- [Records for the task]

[Start of Attachment]

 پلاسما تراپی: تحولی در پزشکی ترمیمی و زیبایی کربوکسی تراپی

[End of Attachment]
[Start of Attachment]

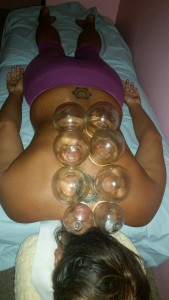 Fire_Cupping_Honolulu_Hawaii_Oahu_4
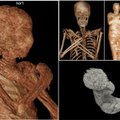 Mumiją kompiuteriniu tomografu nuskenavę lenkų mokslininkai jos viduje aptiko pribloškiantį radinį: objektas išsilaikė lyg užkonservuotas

[End of Attachment]

- [Assignment]
Copy only what runs above from the line containing "Fire_Cupping_Honolulu_Hawaii_Oahu_4" through the line containing "Mumiją kompiuteriniu tomografu", exactly. Leave out the pictures.

- [Exercise result]
 Fire_Cupping_Honolulu_Hawaii_Oahu_4
 Mumiją kompiuteriniu tomografu nuskenavę lenkų mokslininkai jos viduje aptiko pribloškiantį radinį: objektas išsilaikė lyg užkonservuotas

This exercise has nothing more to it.